Risk & Economy » Regulation » Don’t allow European countries to go bust, warns bank CEO

Don't allow European countries to go bust, warns bank CEO

JP Morgan Chase CEO Jamie Dimon on sovereign bailouts

(SHARECAST) – European economies should not be allowed to go bust, the chief executive of US bank JP Morgan Chase has told an Italian newspaper.

Any failure would start a chain reaction and heap more misery on the struggling eurozone, Jamie Dimon said in an interview with Il Sole 24 Ore.

“We do not believe that is the right policy,” he said. “If an EU member goes bankrupt and makes a stop payment, Europe will have to save the banks and to hold government bonds”.

Meanwhile, the Institute of International Finance has called plans for a European mechanism to share the burden of any future bailouts with the private sector a “step in the right direction”.
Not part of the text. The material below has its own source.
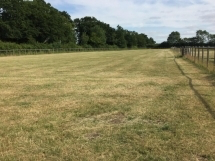 1317 045a4822dfa4dd97b7ff1e1d279a1fd8 1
Eurozone finance chiefs decided recently to include a collective action clause (CAC) within all sovereign bonds issued from 2013, meaning just a small percentage of creditors would have to back a country’s debt restructuring for it to go ahead.

“Collective action clauses are very positive, given their history,” IIF board member and Citigroup chairman William Rhodes said.

Germany is a big fan of so-called haircuts on the value of bonds.